The **cosine similarity** between two vectors A and B is calculated as:

$$
\text{cosine\_similarity}(A,B) = \frac{A \cdot B}{\lVert A \rVert \lVert B \rVert}
$$

Where:

- $A \cdot B$ is the dot product of vectors $A$ and $B$.
- $\lVert A \rVert$ and $\lVert B \rVert$ are the Euclidean norms of vectors $A$ and $B$.

In [None]:
def cosine_similarity(vec1: np.ndarray, vec2: np.ndarray) -> np.float64:
    """Compute the cosine similarity between two vectors."""
    dot_product = np.dot(vec1, vec2)
    norm_vec1 = np.linalg.norm(vec1)
    norm_vec2 = np.linalg.norm(vec2)
    return dot_product / (norm_vec1 * norm_vec2)

In [None]:
v1 = np.array([1, 2, 3])
v2 = np.array([4, 5, 6])
cos_sim = cosine_similarity(v1, v2)
print(f"Cosine Similarity: {cos_sim}")
print(f"type: {type(cos_sim)}")

In [None]:
input_text_1 = "These are not the droids you are looking for"
input_text_2 = "This is an example to test the function"
input_text_3 = "This sentence is used as example to test the function"
input_embedding_1 = get_embedding(text=input_text_1, model=emb_model_name)
input_embedding_2 = get_embedding(text=input_text_2, model=emb_model_name)
input_embedding_3 = get_embedding(text=input_text_3, model=emb_model_name)

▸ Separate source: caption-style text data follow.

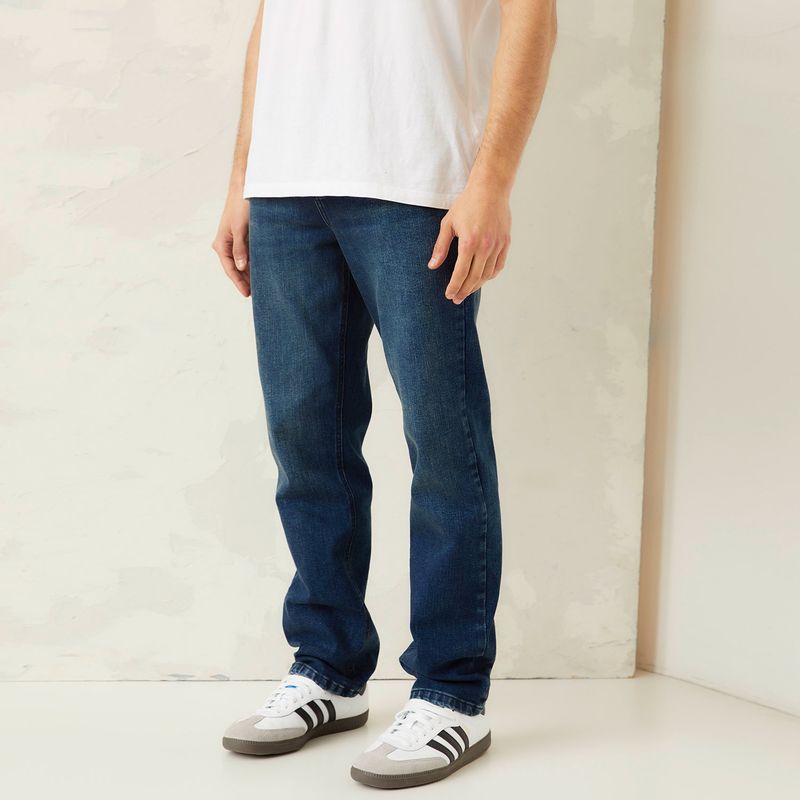 AMERICANINO - Jeans Straight Hombre Americanino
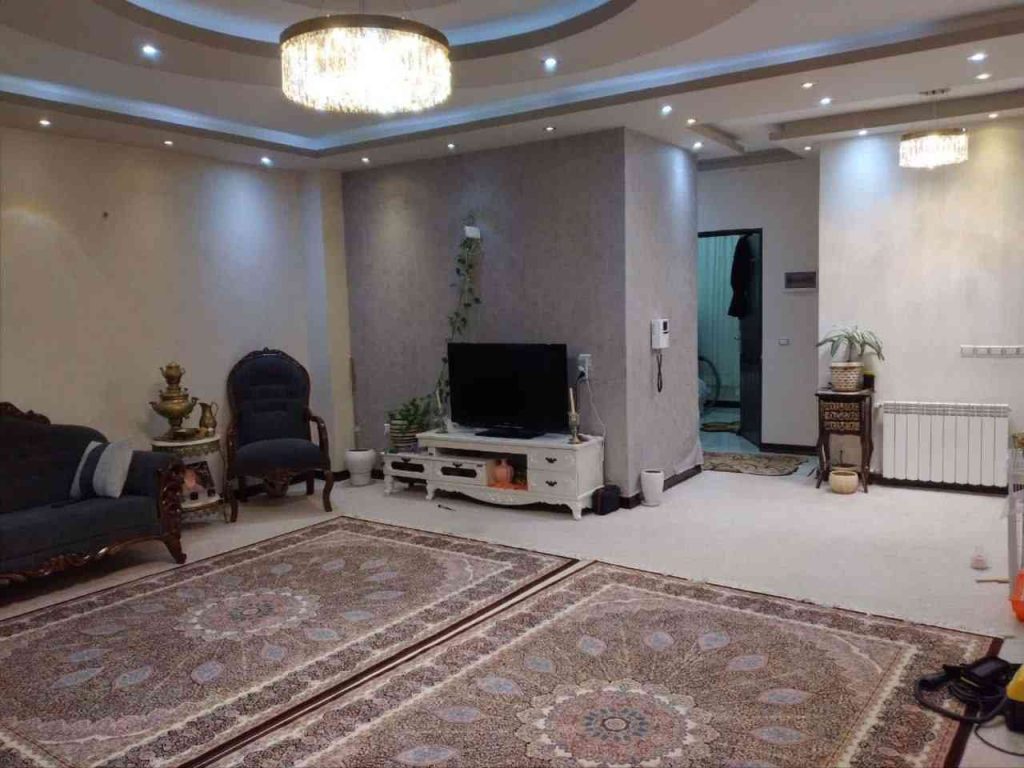 فروش آپارتمان 93 متری شیک در آمل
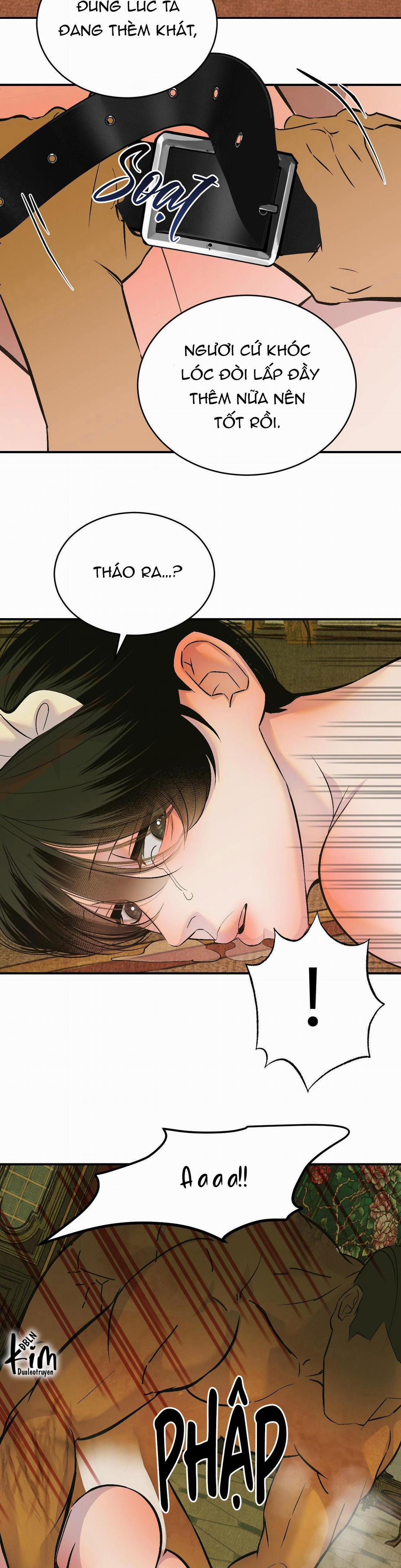 Cậu Bé Đào 6 trang 14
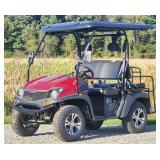 Brand New 2024 Cazador 4 Seater Golf Cart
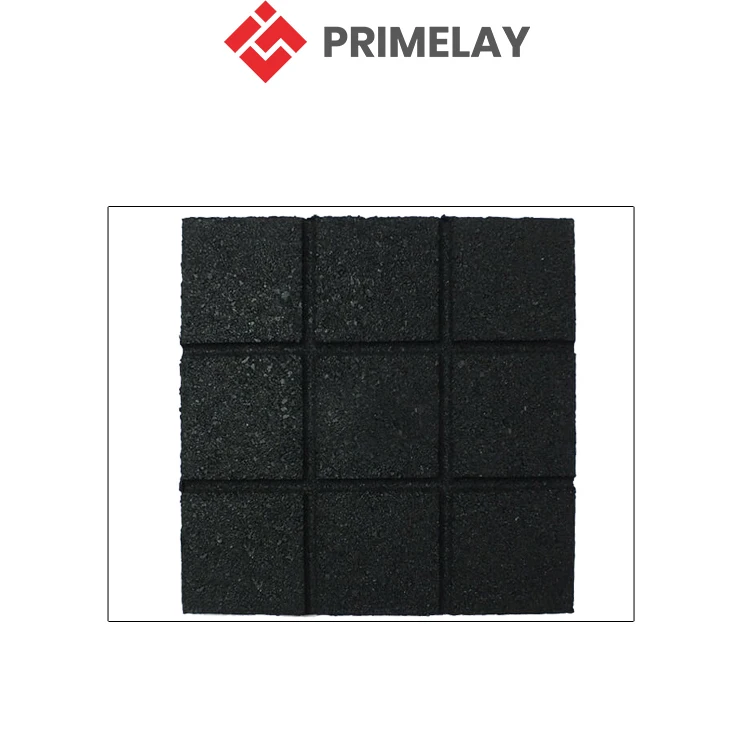 50mm Thickness Gym Workout Floor Mats Fitmat Sq 50 Gym Tile For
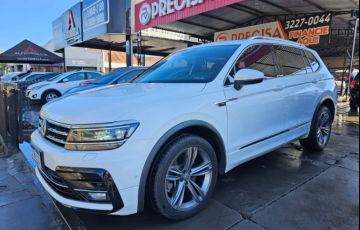 Volkswagen Tiguan Allspace 2.0 TSI R-Line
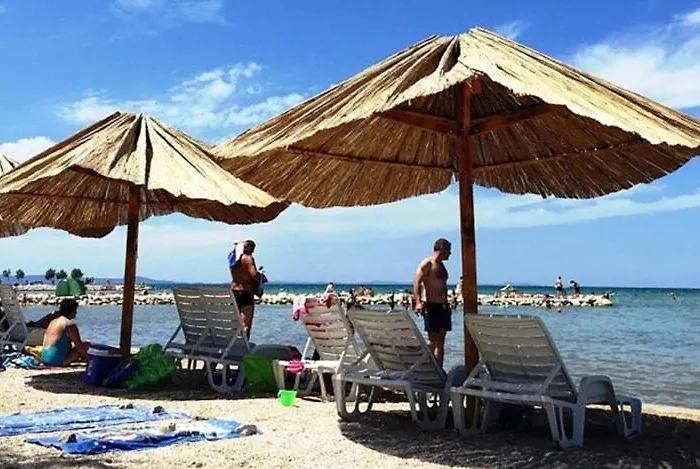 Lejlighed In Zadar With Sea View, Terrace, Air Conditioning, Wifi 3796-5 Zaton (Zadar)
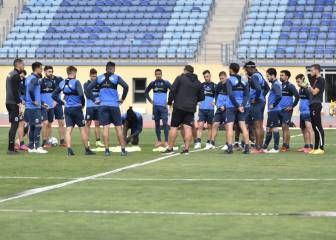 El Fuenlabrada iniciará el 24 de agosto la pretemporada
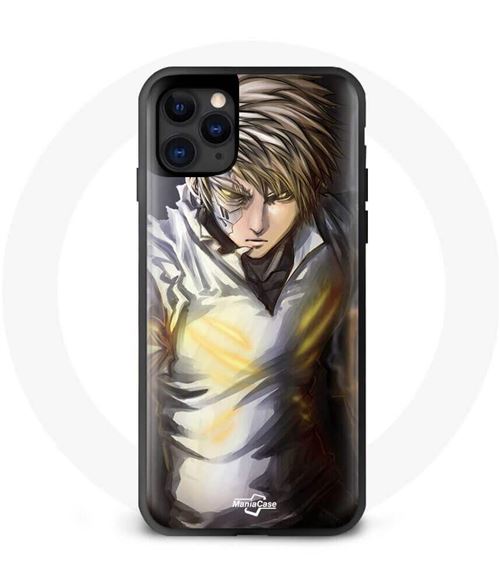Coque Iphone 13 Anime Genos One Punch Man Maniacase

print(f"1 vs. 2 = {cosine_similarity(input_embedding_1, input_embedding_2)}")
print(f"1 vs. 3 = {cosine_similarity(input_embedding_1, input_embedding_3)}")
print(f"2 vs. 3 = {cosine_similarity(input_embedding_2, input_embedding_3)}")

## Select closest examples

In [None]:
def select_examples(input_text:str, examples:list , example_embeddings: list, emb_model_name:str, num_examples:int=3):
    """
    Select the most relevant few-shot examples based on cosine similarity.
    """
    input_embedding = get_embedding(text=input_text, model=emb_model_name)

    # TODO: THIS MUST BE CHANGED TO AN EMBEDDING DATABASE     
    similarities = [cosine_similarity(input_embedding, np.array(embedding)) for embedding in example_embeddings]
    selected_indices = np.argsort(similarities)[-num_examples:][::-1]
    return [examples[i] for i in selected_indices]

In [None]:
input_text = "You're so dumb, no wonder we can't have a conversation!"
input_embedding = get_embedding(text=input_text, model=emb_model_name)

In [None]:
select_examples(
    input_text=input_text,
    examples=syn_data_gpt_subset,
    example_embeddings=embeddings_gpt,
    emb_model_name=emb_model_name,
    num_examples=3)